4 Une plainte en santé environnementale peut être appréhendée comme le produit de connaissances relatives aux maladies et d’un accord sur les causes environnementales de ces maladies (Douglas et Wildavsky, 1982). Elle se développe par l’intermédiaire de dynamiques sociales et culturelles au sein desquelles des événements de santé sont construits en un agrégat et un accord se forme sur les causes environnementales de cet agrégat. La formation d’un agrégat est une condition nécessaire à l’émergence d’une plainte incriminant l’environnement. Elle permet, en effet, de rompre avec les approches dominantes dans l’espace public selon lesquelles la survenue des pathologies est principalement associée à des facteurs de risques individuels (Dozon, 2001 ; Peretti-Watel et Moatti, 2009). Elle ouvre ainsi la possibilité d’explications alternatives à l’explication comportementale des pathologies. Quant à l’accord sur les causes environnementales des pathologies, il dépend d’un accord sur la nature des problèmes posés par une installation dans un contexte où sa nocivité est discutée et du jugement sur la capacité des institutions à garantir la protection des personnes vivant dans sa proximité.

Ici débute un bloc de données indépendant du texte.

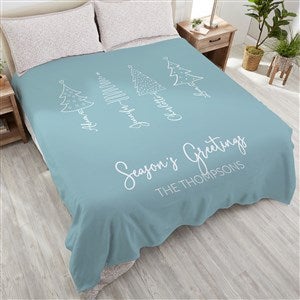 Scripted Christmas Tree Personalized Plush Fleece Blanket - Queen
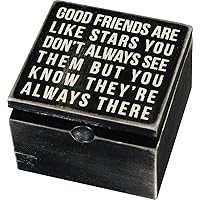Primitives by Kathy 18192 Classic Hinged Wood Box, 4 x 4 x 2.75-Inches, Good Friends Are Like Stars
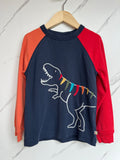 Frugi Navy, Red & Orange Dino Long-Sleeved Top Age 5-6 Years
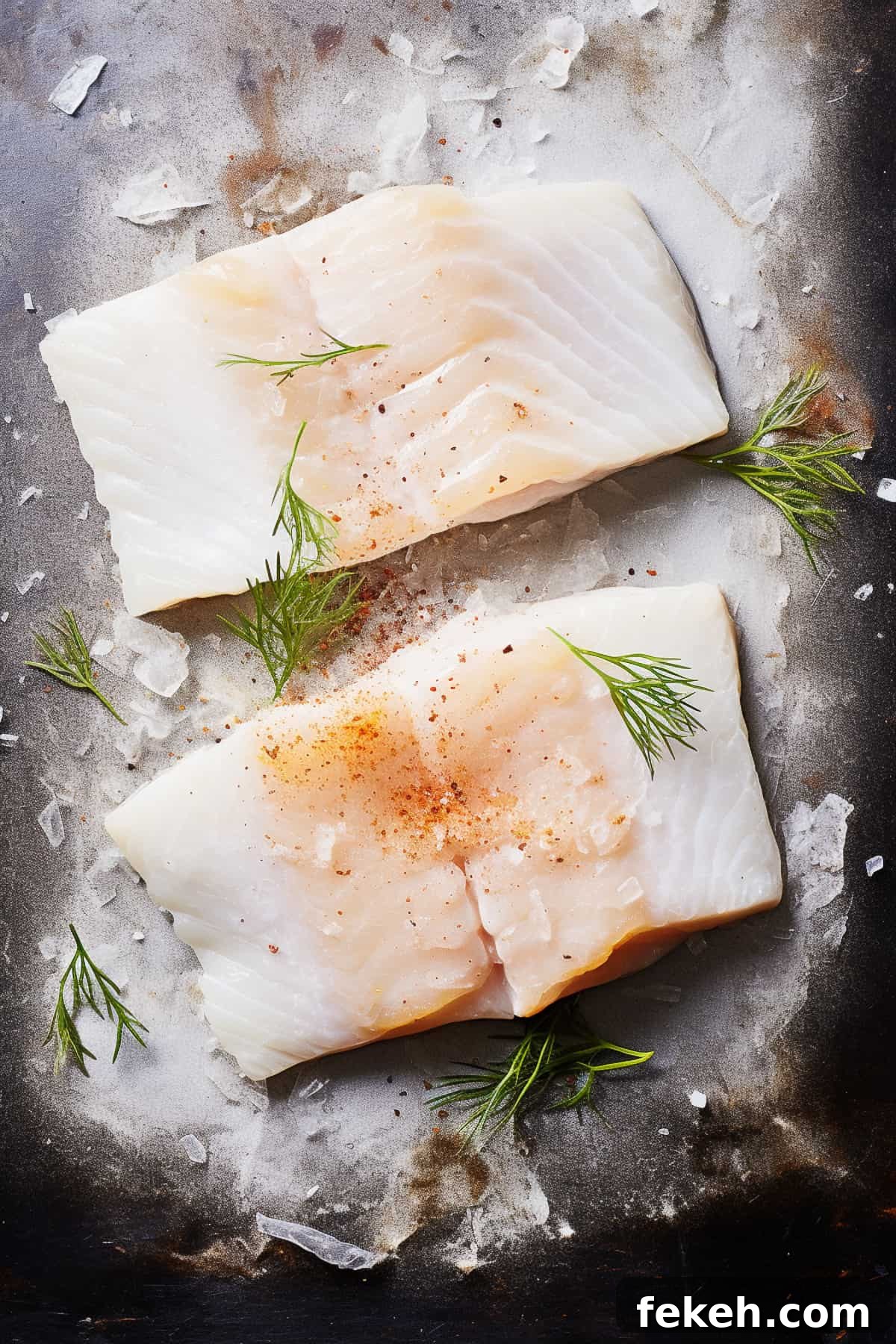 Pan-Fried Cod with Lemon Butter Sauce Recipe 4 Seasoned cod fillets on a baking tray.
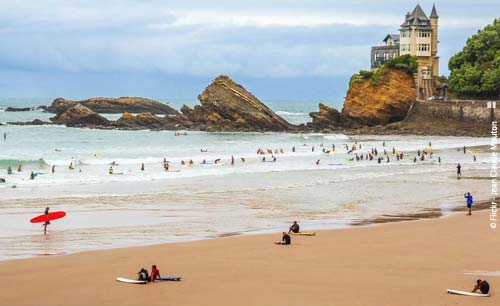 Surfing in Biarritz, France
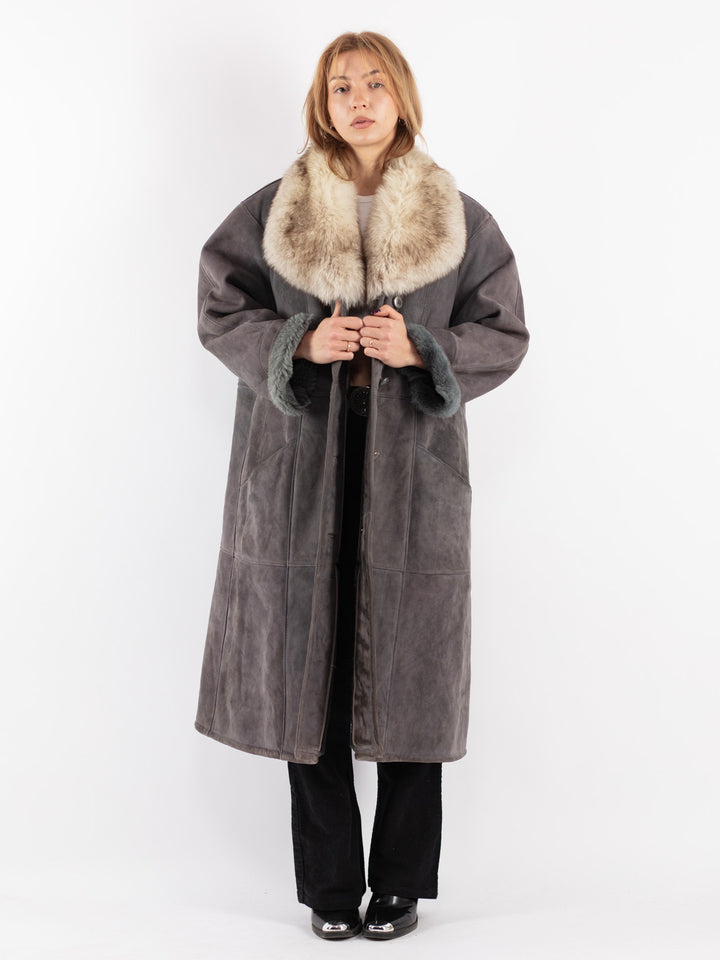 Vintage 70's Women Sheepskin Shearling Coat in Gray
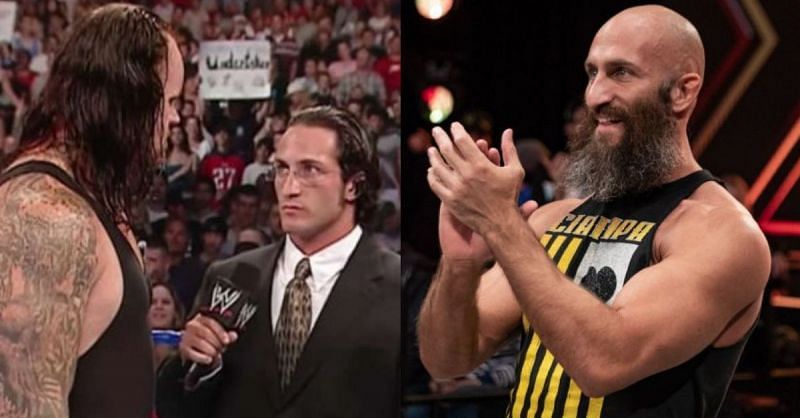 Ciampa back in 2005 with The Undertaker (L); the former NXT Champion now (R)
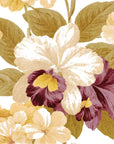 Canvas-like peel and stick wallpaper with burgundy orchid florals - Velvet Orchid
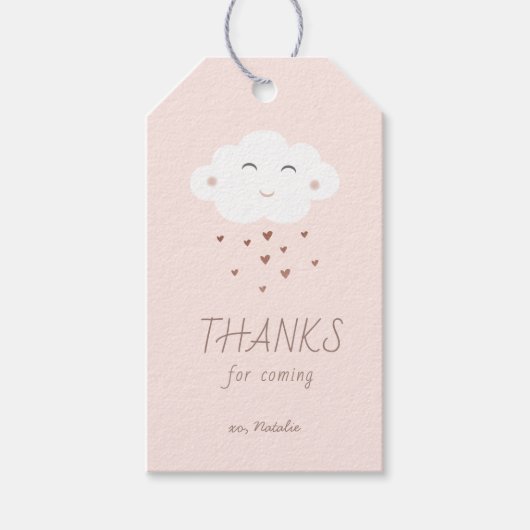 Cloud baby shower bedankt label cadeau cadeaulabel (Voorkant)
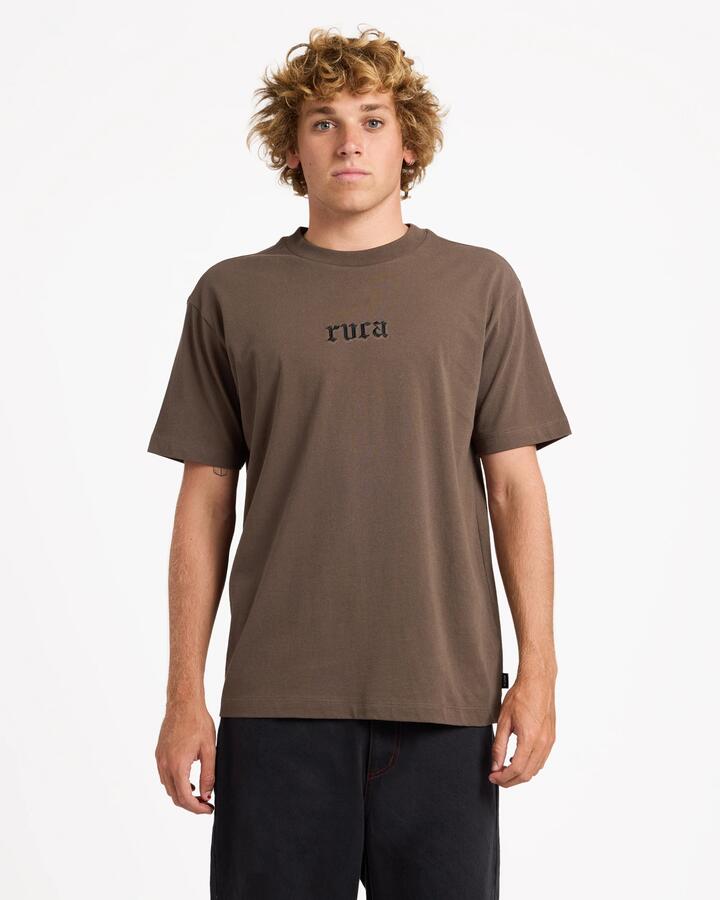 Image of T-Shirts. Product name - RVCA Mens Old Rvca T-Shirt Chocolate in Chocolate colour by brand - RVCA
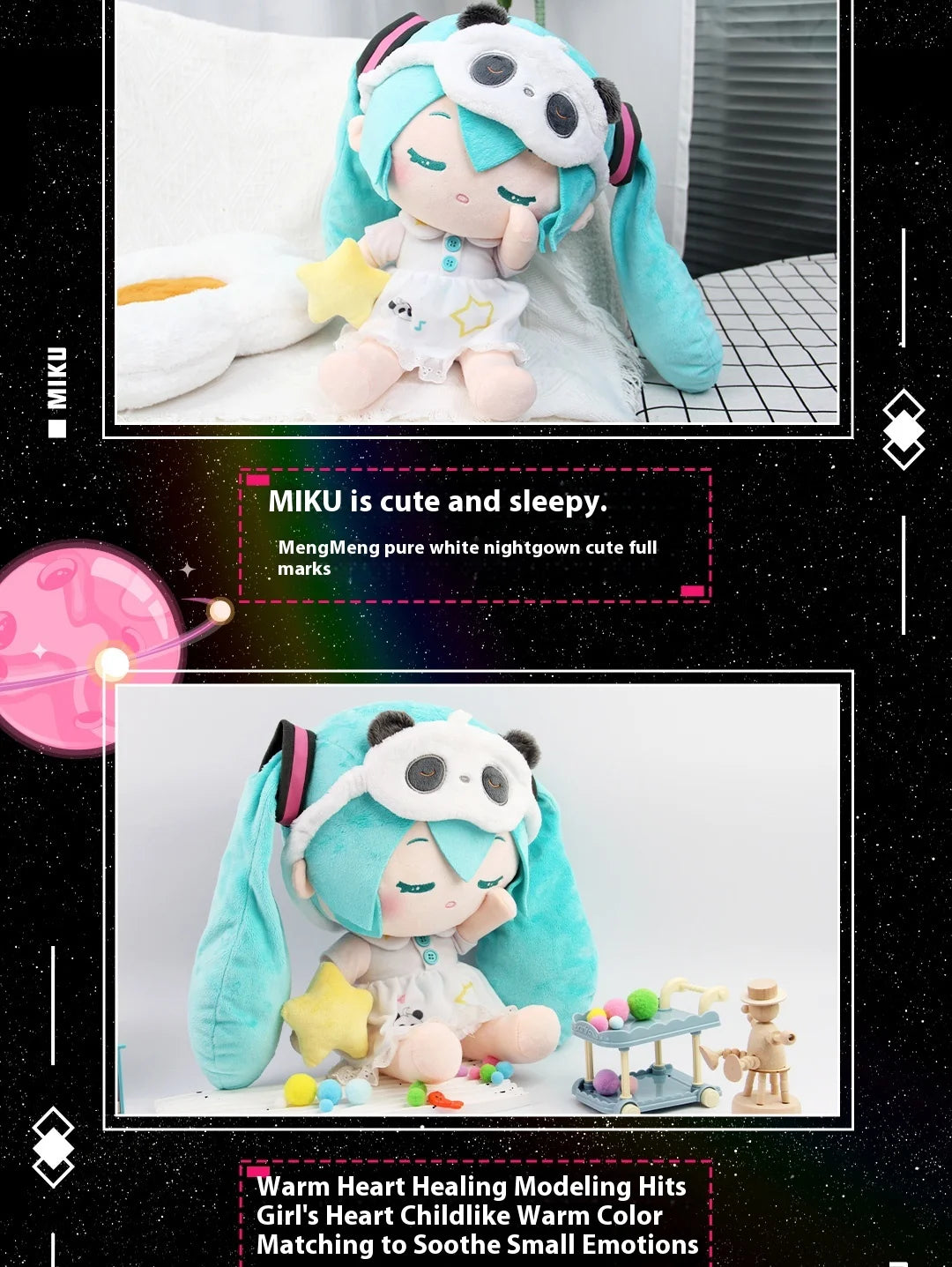 2024 New Genuine Vocaloid Hatsune Miku 2d Cute Sleep Doll panda Headphone Bag Kawaii Two-Dimensional Girls Birthday Gift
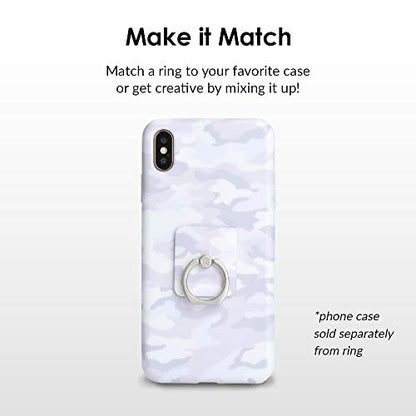 Velvet Caviar Cell Phone Ring Holder - Finger Ring & Stand - Improves Phone Grip Compatible with iPhone, Galaxy and Most Cases (Except Silicone/Leather) - White Camo - color: White Camo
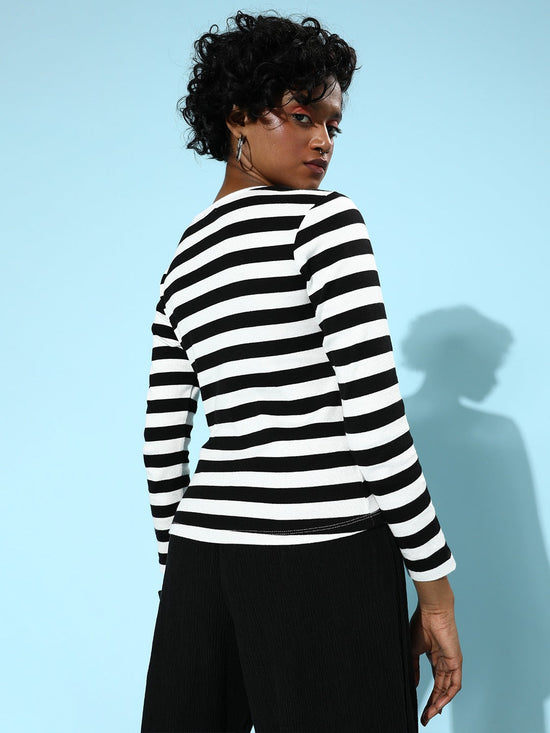 Black & White Stripe V-Neck Rib T-Shirt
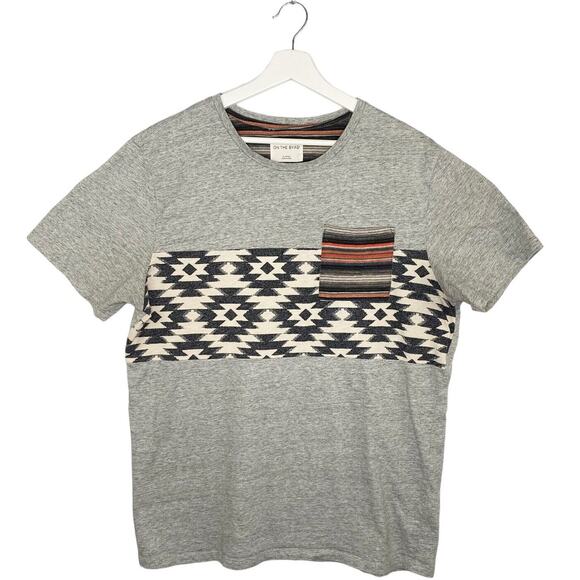 On The Byass Mens Shirt Extra Large XL South West Gray Single Patch Pocket Aztec - Picture 1 of 7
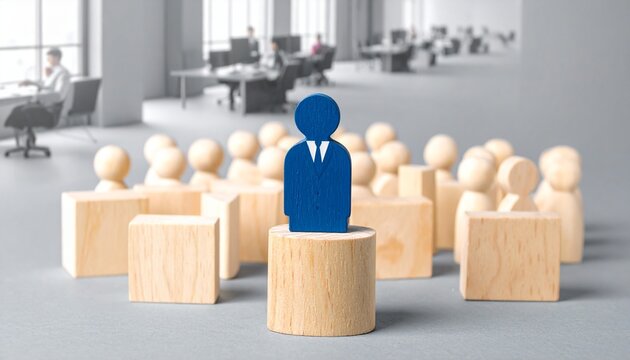 "Blue figurine leader standing before group"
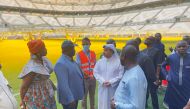 President of  Sierra Leone H E Dr. Julius Maada Bio and accompanying delegation with Minister of Municipality H E Dr. Abdullah bin Abdulaziz bin Turki Al Subaie during a visit to Lusail Stadium.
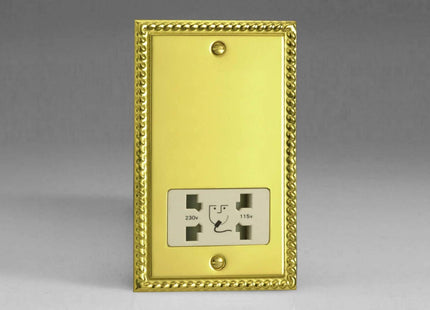 Varilight Classic Georgian Brass Dual Voltage Shaver Socket White Insert XGSSW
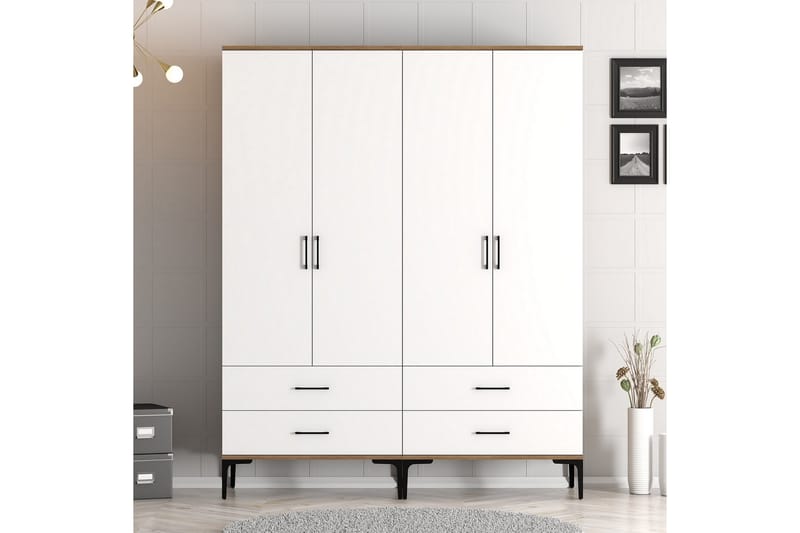 Kumsal Garderob 160 cm - Vit/Brun - Förvaring - Klädförvaring - Garderob & garderobssystem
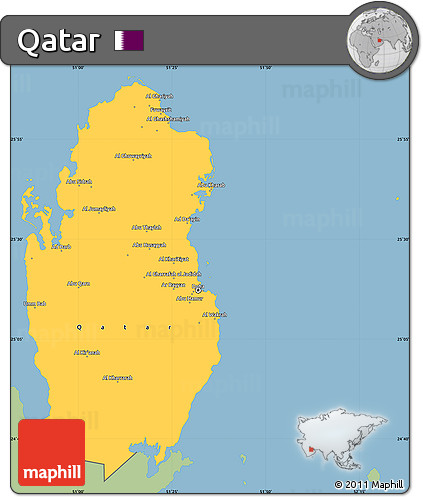 Savanna Style Simple Map of Qatar, single color outside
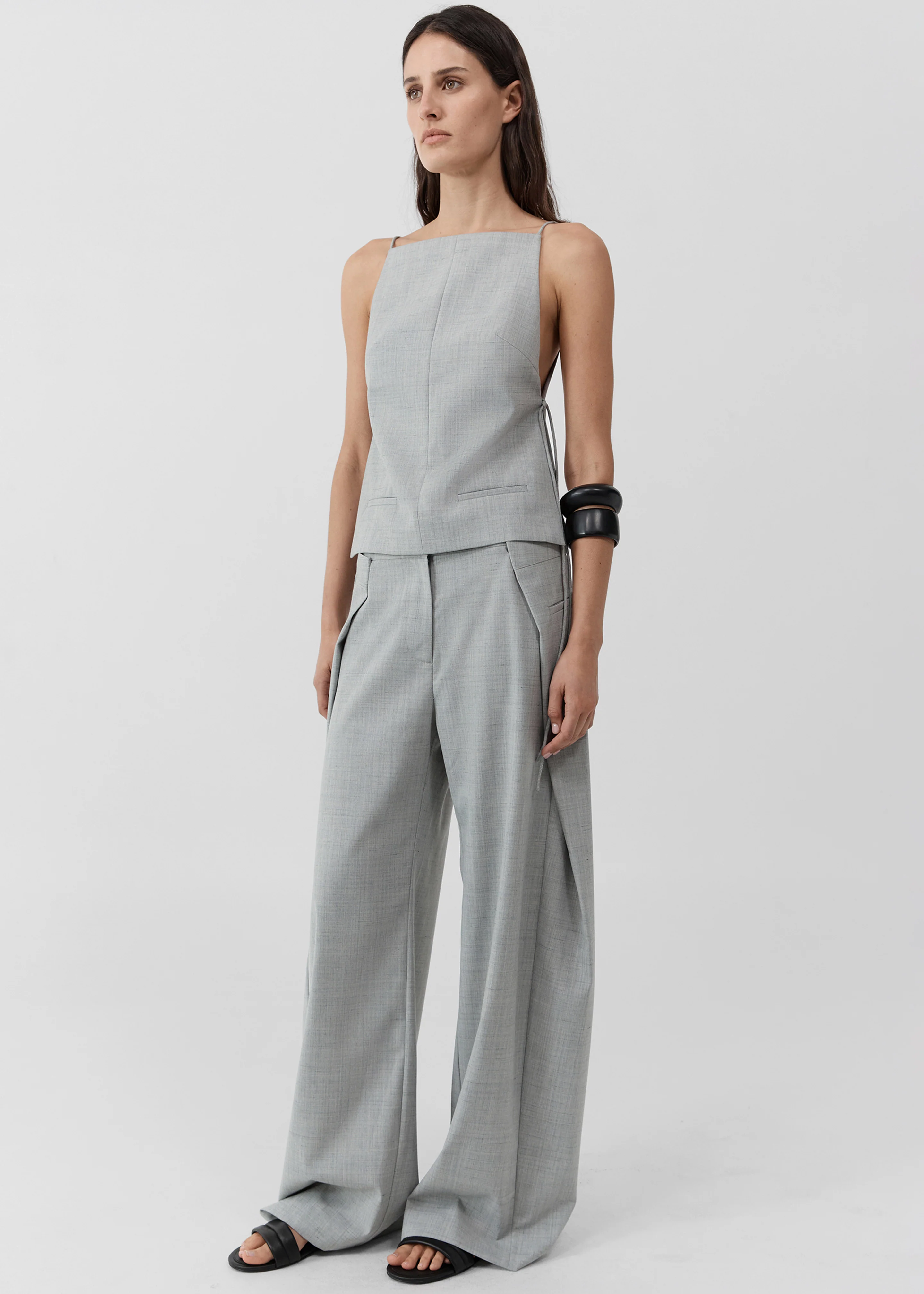 St. Agni Square Side Tie Top - Concrete - Image 4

5 Dans leur analyse de la formation des problèmes sociaux, Spector et Kitsuse caractérisent une première phase dans laquelle « un groupe tente d’affirmer l’existence d’une condition qu’il définit comme nuisible ou dommageable et s’efforce de rendre publiques des revendications, de provoquer l’avènement de controverses » (Spector et Kitsuse, 2012 : 90). L’article porte sur cette phase que Cefaï qualifie en termes de « conversion de difficultés d’ordre privé ou de malaises vécus en silence (private troubles) en problèmes publics (public issues) » (Cefaï, 1996 : 57). Au cours de cette phase, les acteurs locaux mènent des enquêtes sur les situations qu’ils définissent comme problématiques. Ils collectent des données sur les maladies ou les décès, ils évaluent les nuisances de leur environnement, ils cherchent à leur donner du sens et à les relier aux maladies en mobilisant des connaissances documentaires. Ils créent une communauté concernée, au sens de Dewey (2010), qui donne à leurs préoccupations un caractère public et organisé (Zask, 2008).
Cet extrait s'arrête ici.